#### Activity:
Which lines in the records below contain the word "Tablecloth"? Copy each of them.

Collection entries
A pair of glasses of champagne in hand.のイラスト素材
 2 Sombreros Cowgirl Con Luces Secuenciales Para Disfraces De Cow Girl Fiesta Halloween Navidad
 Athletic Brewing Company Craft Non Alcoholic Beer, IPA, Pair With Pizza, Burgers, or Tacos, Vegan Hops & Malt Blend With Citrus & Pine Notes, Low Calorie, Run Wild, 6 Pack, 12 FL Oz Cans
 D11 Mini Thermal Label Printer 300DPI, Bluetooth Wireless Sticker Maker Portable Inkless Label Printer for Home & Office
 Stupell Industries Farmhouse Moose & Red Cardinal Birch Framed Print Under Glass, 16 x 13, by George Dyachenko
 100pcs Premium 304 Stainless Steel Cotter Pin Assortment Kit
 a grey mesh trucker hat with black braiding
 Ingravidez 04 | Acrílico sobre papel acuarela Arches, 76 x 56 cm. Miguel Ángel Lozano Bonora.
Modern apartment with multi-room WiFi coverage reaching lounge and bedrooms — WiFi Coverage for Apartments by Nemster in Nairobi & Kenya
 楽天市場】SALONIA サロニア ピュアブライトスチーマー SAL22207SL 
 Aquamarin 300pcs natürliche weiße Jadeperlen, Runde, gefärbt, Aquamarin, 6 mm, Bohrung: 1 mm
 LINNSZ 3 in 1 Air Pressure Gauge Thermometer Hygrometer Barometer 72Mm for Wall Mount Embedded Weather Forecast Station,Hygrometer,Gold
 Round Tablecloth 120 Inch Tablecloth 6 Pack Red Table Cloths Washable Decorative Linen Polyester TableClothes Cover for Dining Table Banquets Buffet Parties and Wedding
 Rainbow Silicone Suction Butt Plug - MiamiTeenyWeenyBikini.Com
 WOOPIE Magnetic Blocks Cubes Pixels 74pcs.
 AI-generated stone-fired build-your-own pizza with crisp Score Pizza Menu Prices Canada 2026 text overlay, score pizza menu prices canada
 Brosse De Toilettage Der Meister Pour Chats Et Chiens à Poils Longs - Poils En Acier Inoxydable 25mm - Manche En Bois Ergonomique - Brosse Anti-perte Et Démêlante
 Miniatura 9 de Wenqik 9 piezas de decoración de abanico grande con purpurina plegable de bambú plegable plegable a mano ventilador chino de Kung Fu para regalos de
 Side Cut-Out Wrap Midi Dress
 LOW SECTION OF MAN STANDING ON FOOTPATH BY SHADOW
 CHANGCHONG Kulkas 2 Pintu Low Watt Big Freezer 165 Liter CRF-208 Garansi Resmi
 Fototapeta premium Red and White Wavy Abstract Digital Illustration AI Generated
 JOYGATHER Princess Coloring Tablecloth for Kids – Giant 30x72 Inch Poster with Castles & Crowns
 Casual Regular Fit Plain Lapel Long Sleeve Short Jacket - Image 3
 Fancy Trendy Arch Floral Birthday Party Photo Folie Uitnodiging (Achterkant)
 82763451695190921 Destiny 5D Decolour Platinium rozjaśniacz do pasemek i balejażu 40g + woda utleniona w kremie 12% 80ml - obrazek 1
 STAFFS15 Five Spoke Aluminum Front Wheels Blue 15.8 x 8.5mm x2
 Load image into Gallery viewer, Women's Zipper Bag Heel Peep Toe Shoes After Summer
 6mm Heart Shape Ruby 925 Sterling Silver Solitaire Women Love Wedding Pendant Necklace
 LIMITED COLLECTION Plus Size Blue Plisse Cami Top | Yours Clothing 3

#### Solved problem:
 Round Tablecloth 120 Inch Tablecloth 6 Pack Red Table Cloths Washable Decorative Linen Polyester TableClothes Cover for Dining Table Banquets Buffet Parties and Wedding
 JOYGATHER Princess Coloring Tablecloth for Kids – Giant 30x72 Inch Poster with Castles & Crowns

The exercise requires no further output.